Wednesday, April 29, 2009

Debunking a Chestnut

I have a very hard time understanding people who would defend the Bush Administration's clandestine approval of torture and its subsequent cover-up of the same. I suppose, if I wrap my mind around it enough, I can manufacture a scenario where I believe that a government that would lie about an activity it was performing would nonetheless be sincere in assessing the need, application, and efficacy of it. But I think that would take far more alcohol than I've ever consumed, or a frontal lobotomy.

One of the closest things to a cogent argument that I'd heard was the "But Lincoln suspended habeas corpus!" canard. Perhaps on the surface, that argument is on point, but on closer review, it doesn't hold water (no pun intended). To emphasize the point, I would direct you to Jonathan Zasloff's post at The Reality-Based Community. I don't want to take too much of his post here, because it should be read in its entirety, but his summary is crystal:
Had Bush and Cheney really believed that there was an emergency requiring torture, they would have 1) said so publicly; 2) taken responsibility for the decision and defended it; 3) gotten Congressional approval; and 4) limited it as much as possible.

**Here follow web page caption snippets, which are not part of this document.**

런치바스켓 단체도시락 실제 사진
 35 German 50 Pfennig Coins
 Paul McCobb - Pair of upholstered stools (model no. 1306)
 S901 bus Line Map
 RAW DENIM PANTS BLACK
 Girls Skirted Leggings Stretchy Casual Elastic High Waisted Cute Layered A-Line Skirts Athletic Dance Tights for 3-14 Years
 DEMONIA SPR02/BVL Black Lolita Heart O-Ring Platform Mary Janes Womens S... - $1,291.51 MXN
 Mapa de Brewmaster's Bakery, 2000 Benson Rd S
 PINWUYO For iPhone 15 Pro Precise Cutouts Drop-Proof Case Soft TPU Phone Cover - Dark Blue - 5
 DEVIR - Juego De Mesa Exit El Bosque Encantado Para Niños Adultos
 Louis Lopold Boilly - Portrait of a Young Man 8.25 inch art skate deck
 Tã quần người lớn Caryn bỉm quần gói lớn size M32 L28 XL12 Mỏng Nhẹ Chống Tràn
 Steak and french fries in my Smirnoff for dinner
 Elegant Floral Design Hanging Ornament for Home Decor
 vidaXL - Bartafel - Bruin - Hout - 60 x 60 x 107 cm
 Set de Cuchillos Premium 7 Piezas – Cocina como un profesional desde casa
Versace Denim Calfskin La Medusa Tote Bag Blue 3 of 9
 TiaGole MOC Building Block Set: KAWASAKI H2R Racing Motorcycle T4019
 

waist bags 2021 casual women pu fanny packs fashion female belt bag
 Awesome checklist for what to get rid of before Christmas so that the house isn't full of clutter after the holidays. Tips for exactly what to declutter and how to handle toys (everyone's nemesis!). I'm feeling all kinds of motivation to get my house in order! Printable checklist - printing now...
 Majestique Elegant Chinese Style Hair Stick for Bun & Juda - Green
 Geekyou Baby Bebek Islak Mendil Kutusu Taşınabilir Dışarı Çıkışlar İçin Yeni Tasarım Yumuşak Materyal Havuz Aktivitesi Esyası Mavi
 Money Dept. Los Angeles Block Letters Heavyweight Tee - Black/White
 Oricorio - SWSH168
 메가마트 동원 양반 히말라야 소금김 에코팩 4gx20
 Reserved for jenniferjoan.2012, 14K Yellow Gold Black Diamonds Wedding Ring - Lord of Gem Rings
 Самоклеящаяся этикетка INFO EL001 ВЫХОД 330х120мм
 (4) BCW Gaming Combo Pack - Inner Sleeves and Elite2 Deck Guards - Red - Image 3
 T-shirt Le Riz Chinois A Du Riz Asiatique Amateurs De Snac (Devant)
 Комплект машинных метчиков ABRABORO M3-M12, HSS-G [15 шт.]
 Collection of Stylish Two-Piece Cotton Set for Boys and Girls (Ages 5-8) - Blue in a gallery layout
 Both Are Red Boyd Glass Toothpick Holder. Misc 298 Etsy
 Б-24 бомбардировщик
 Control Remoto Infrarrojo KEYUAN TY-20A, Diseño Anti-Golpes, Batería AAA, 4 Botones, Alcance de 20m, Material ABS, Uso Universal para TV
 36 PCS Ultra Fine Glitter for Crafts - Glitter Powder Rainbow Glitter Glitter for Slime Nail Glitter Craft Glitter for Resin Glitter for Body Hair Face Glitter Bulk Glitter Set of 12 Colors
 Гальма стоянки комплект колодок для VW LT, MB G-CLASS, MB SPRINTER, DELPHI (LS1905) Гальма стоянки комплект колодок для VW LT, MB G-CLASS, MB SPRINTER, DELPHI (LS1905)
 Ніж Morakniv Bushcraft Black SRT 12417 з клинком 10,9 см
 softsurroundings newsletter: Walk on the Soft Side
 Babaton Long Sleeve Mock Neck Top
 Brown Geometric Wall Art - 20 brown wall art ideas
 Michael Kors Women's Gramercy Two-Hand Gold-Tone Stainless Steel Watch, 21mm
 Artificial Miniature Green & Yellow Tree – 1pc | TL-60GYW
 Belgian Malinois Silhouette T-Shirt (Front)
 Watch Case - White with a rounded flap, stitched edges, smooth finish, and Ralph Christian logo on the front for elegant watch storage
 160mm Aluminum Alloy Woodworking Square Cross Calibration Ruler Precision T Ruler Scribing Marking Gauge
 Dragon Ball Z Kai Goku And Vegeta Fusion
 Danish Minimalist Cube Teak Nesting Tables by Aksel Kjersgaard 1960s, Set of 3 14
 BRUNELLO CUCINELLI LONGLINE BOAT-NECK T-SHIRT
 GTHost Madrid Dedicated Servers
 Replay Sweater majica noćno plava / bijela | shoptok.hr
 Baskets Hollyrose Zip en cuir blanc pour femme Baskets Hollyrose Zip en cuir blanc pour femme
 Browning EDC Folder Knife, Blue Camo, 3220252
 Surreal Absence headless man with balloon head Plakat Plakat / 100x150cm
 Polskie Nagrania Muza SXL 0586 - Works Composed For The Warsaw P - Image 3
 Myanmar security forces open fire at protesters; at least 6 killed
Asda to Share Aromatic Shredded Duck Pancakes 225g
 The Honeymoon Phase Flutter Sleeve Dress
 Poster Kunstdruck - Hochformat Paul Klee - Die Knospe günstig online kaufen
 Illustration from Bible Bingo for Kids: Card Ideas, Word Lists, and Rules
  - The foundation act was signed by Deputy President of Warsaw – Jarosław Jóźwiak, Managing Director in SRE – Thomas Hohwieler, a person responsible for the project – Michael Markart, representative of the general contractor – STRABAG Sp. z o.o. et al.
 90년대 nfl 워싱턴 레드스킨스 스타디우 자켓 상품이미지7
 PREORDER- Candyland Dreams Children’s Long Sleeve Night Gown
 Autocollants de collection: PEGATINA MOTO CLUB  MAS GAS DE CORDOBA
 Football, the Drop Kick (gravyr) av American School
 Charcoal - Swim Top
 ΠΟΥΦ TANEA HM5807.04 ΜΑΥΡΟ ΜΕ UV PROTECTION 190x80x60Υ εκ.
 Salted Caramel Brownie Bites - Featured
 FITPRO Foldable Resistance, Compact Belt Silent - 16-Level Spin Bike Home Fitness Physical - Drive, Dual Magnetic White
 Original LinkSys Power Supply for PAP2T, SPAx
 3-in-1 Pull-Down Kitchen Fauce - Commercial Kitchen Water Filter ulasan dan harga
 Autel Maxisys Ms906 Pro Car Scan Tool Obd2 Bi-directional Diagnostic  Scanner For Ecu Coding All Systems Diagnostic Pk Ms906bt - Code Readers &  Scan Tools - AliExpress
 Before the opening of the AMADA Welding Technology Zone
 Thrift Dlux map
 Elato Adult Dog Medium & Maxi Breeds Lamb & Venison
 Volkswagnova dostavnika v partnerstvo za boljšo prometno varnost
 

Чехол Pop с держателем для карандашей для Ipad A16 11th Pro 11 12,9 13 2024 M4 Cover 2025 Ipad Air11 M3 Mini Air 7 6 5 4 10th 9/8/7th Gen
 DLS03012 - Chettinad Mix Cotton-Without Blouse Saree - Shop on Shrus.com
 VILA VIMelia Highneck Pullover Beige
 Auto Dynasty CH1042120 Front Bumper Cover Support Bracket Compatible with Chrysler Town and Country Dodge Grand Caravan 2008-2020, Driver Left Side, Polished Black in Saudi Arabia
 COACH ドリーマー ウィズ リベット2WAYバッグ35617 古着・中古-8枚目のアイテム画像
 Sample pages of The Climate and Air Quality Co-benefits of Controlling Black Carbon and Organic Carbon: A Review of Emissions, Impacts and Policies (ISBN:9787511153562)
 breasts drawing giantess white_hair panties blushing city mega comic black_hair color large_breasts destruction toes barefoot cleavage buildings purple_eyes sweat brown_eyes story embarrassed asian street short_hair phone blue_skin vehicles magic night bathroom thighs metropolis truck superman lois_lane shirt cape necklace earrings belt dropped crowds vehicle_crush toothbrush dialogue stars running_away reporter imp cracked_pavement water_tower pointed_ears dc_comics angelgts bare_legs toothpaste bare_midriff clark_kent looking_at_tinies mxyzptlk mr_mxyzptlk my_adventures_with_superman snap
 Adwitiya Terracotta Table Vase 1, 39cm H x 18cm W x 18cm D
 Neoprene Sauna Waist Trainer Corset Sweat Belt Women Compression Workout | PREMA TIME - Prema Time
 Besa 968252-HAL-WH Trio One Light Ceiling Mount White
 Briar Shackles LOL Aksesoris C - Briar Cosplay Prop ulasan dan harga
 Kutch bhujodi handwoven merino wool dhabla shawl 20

But they couldn't have done that, because torture was never about a national security emergency. It was about proving an Iraq-Al Qaeda link for political purposes. Or establishing precedent for unilateral executive rule. Or about military dropouts and draft dodgers like Bush, Cheney, and Addington showing how tough they were. Or something.

Following Lincoln's 1861 precedent would thus have defeated the entire purpose of the torture program. And that shows us just how much these guys were a bunch of moral cretins.